Doesn't fit with the lazyness bit though. Up to 50% of the PMC are not
active committers to Jakarta. That's a lot of voting, even with lazy
consensus.
Scenarios are...
Danny proposes to de-select Robert (just an example mate, I'd never do
that:-).
a)No votes cast. Robert goes.
b)Some people vote +1 but Robert votes -1. He gets to stay.
Nope, he gets to leave. A -1 from the person involved would quite simply
be a resignation, which can happen at any time.
c)Robert doesn't vote but someone else knows why he's temporarily unable to
contribute so votes -1, He stays.
Pros are:
This is safe from the POV that it doesn't strip people of PMC membership
unless no-one cares enough to do anything.
It's not as if it's hard to get back on if anyone cares to rejoin.
It achieves its goal with minimum effort on the part of the active PMC
members.
The mail thread recording the decision is archived in the same place and
the same manner as all the other decisions we take.
That's a good one. We can record the results of the svn file in an email
too.
The process which resulted in their election to the PMC is (more or less)
followed in reverse.
Symmetry is nice - but whether someone stays on the PMC or not should
really be up to just themselves - +1 means stay, -1 means go, no reply
means go after a suitable period of time.
Cons are:
It's a lot of mail. Lot of work to collate that.
It is open to abuse, there is no restriction on the people who can be
proposed or the frequency that votes can be called. This would be mitigated
by the fact that many of us are not as daft as we look.
It's legitimacy could be challenged unless it was documented somewhere.

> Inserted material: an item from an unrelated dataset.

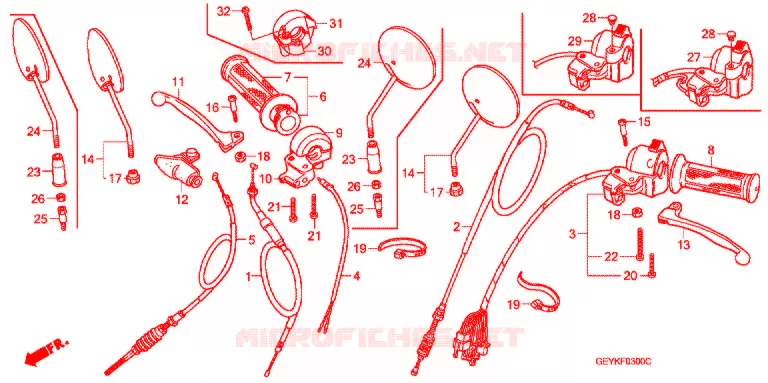 LEVIER DE GUIDON - CABLE - COMMODO Honda MOTO 50 APE 2008  XZ508_2J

Nah, we're into a realm where legitimacy is defined by whatever we decide
to do. Technically our charter says we need a 75% of the PMC vote to
remove someone - we're not going to get that and it's not a rule that
scopes.
We probably should just drop that from the charter - it's unnecessary
bureaucracy. Or change it to something simpler. One question is whether
we'd want to do that first - before removing the inactive PMC members from
the PMC.
Then again if someone was especially belligerent they could challenge
anything I suppose, and I guess that the issue could be escalated to the
board.
Well, first it'd escalate to the chair. A chair should be able to sort
such things out without it becoming a board issue.